YOUR GOAL:
Your output must be the lines below from the line containing "Pilgrims seated in" to the line containing "Imagem em estúdio", both lines included, reproduced exactly and without pictures.

EXERCISE INPUTS Start Marker

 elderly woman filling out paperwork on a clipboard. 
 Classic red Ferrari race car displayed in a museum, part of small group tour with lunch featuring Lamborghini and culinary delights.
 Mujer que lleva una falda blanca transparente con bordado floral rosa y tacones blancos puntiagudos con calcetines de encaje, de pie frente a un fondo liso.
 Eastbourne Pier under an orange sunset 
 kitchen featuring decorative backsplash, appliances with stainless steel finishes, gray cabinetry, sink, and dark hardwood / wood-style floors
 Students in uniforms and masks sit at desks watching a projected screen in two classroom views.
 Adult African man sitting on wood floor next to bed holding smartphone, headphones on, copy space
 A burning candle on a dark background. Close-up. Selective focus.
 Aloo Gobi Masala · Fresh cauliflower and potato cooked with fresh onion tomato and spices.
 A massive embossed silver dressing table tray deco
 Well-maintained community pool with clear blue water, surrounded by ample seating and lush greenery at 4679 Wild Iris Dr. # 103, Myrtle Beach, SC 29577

EXERCISE INPUTS End Marker
EXERCISE INPUTS Start Marker

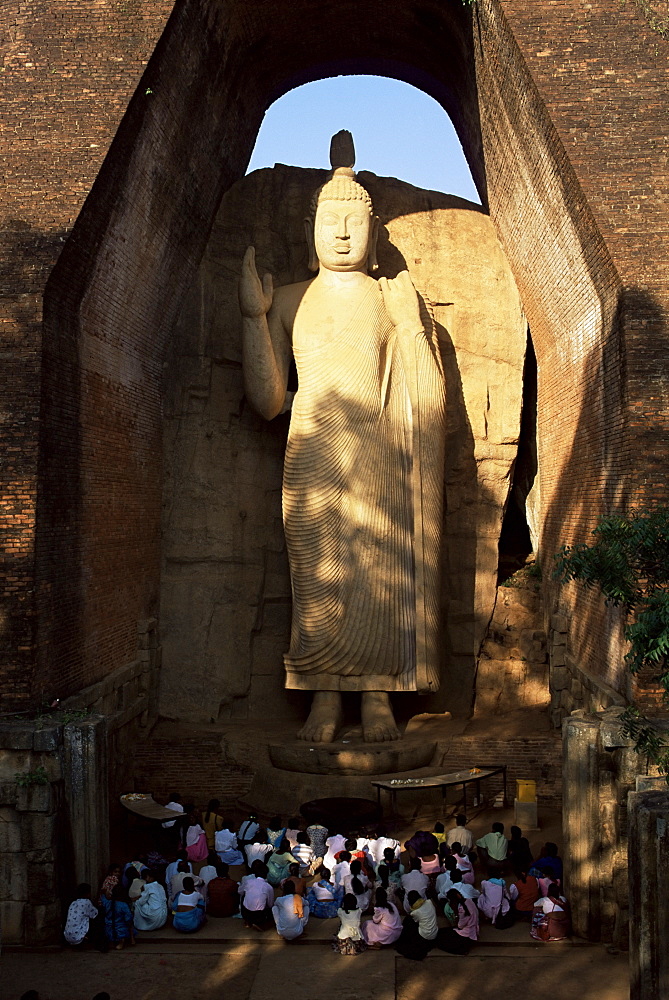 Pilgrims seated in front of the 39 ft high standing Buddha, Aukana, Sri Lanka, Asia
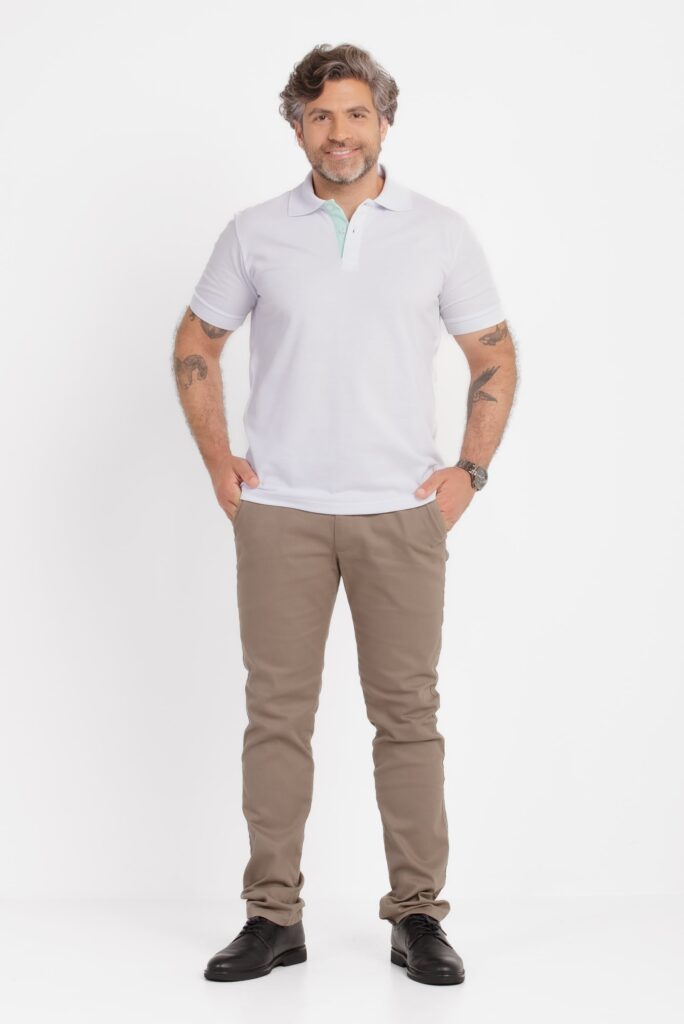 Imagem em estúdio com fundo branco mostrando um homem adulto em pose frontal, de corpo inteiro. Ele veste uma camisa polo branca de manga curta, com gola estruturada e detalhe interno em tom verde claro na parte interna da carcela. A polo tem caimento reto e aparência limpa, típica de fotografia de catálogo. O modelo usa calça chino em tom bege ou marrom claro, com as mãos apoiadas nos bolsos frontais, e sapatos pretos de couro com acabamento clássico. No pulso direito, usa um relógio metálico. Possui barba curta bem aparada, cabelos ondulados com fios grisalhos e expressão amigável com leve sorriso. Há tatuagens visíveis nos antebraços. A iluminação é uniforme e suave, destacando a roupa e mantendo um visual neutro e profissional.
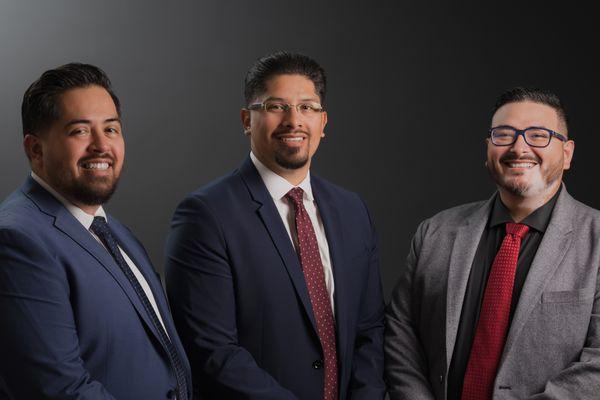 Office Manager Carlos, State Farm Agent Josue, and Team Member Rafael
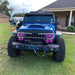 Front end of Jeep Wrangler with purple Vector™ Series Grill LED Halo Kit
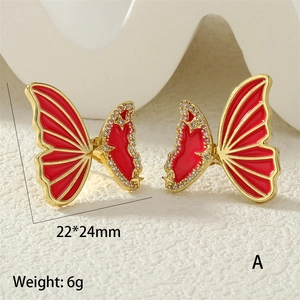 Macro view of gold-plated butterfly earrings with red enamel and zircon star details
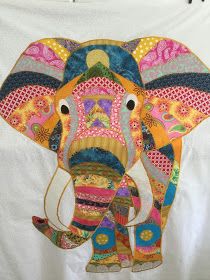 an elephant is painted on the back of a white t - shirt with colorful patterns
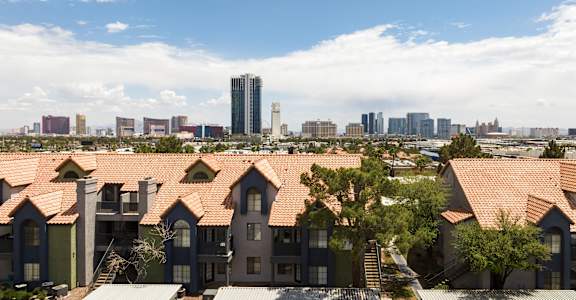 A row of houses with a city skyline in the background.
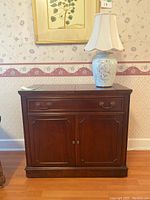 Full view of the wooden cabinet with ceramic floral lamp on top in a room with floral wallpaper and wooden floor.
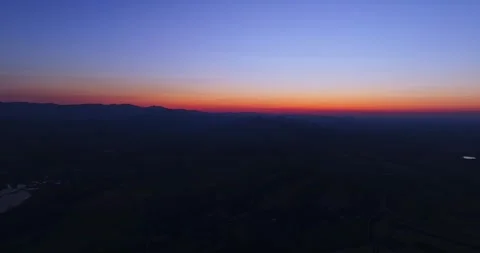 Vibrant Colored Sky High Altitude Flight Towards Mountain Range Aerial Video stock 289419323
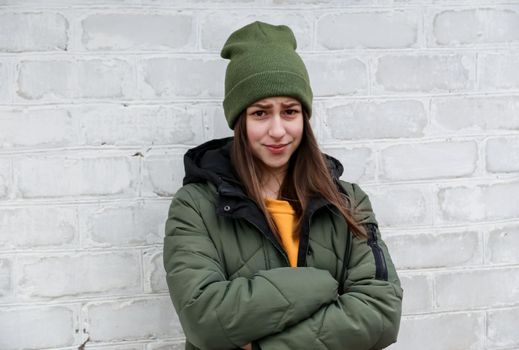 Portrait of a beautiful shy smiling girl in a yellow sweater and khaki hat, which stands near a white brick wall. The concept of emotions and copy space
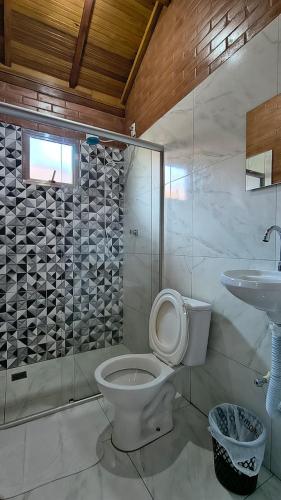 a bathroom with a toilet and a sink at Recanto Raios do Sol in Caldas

EXERCISE INPUTS End Marker

WRITTEN REPLY:
 Pilgrims seated in front of the 39 ft high standing Buddha, Aukana, Sri Lanka, Asia
 Imagem em estúdio com fundo branco mostrando um homem adulto em pose frontal, de corpo inteiro. Ele veste uma camisa polo branca de manga curta, com gola estruturada e detalhe interno em tom verde claro na parte interna da carcela. A polo tem caimento reto e aparência limpa, típica de fotografia de catálogo. O modelo usa calça chino em tom bege ou marrom claro, com as mãos apoiadas nos bolsos frontais, e sapatos pretos de couro com acabamento clássico. No pulso direito, usa um relógio metálico. Possui barba curta bem aparada, cabelos ondulados com fios grisalhos e expressão amigável com leve sorriso. Há tatuagens visíveis nos antebraços. A iluminação é uniforme e suave, destacando a roupa e mantendo um visual neutro e profissional.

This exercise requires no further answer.